The Alabama coach made what will go down as one of the biggest successful gambles of his career in the fourth quarter of Monday night's national championship game against Clemson.
He called an onside kick just after Adam Griffith's tying field goal in a pivotal moment of the Crimson Tide's 45-40 win over Clemson. Marlon Humphrey recovered and two plays later Jake Coker hit tight end O.J. Howard for a 51-yard touchdown.
TV cameras captured a kind of satisfied, I-got-you grin from Saban on the sideline that doesn't often surface publicly.
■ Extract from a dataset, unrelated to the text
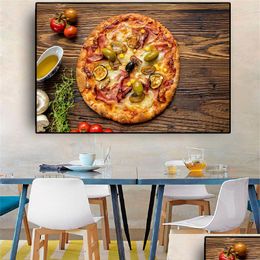 Paintings Pizza Vegetables Cooking Supplie Kitchen Canvas Painting Cuadros Posters And Prints Restaurant Wall Art Food Picture Living Dhkot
And why not? The five-time national champion coach who insisted a couple of days earlier that he's ''a very happy person'' probably deserved a moment of back-patting after that one. Because it worked.
Boy, did it.
Clemson's dynamic quarterback, Deshaun Watson, made sure that didn't end the game even after yet another huge special teams play by Alabama. Kenyan Drake, who's endured a broken arm and leg in his final two seasons, raced 95 yards for a touchdown on a kick return that gave the Tide 17 points in just over a three-minute span.
Saban's gamble kept the ball out of the hands of Watson for a bit after he bedeviled the nation's top defense both passing and rushing. With the Tigers also buckling down against Heisman Trophy winner Derrick Henry late in the game, the gamble came at just the right time. It caught Clemson and everyone else by surprise.
Onside kick? In a tie game? With a national title on the line?
The $7 million-a-year coach is crazy like a fox.
It's far from the first time Saban has pulled out a timely trick. It's just not what he's known for in a career that now includes four national titles in seven seasons and a fifth at LSU.
His reputation's built more on recruiting, intense preparation and teams sporting punishing running games and even more dominant defenses.